# How to price out resale Worldmark Membership?



## sun starved Gayle (Aug 7, 2011)

I am toying with buying Worldmark (resale of course) and am wondering how to figure out the pricing. How much are banked points worth? How would the membership below price out with all fees current?

Number of annual credits: 7,000
Anniversary date: April. 
Number of points available right now: 5,300

TIA,
Gayle


----------



## cruisin (Aug 7, 2011)

Available credits about 6 cents each, tokens $55, Most accounts sell with a years worth of credits available, you should pay no more than 40 cents a credit for this account.
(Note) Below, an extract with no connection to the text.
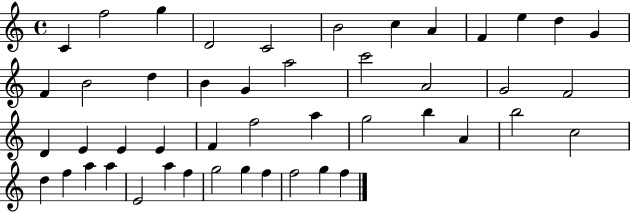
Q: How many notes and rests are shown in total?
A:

Ebay can be cheaper, resellers usually a little more?  Just an estimate, good luck


----------



## ChrisandBeth (Aug 7, 2011)

If the 5300 points are available now without borrowing they are worth about 5 cents each. 
The membership is worth between .30 and .40 cents per annual credit so about $2450.00 plus the $265.00 for the points available now, so about $2800.00, assuming maintence fees are up to date and transfer fee of $299.00 is split equally between buyer and seller. 

Thats an average. I would think that if you got it for less than $2500 all in you would be getting a real deal, and if you paid $3200 all in you are at the high end of the current market.

A few years ago that same membership would have gone for about $5-6K.


----------



## sun starved Gayle (Aug 8, 2011)

Thank you for your help!

Gayle


----------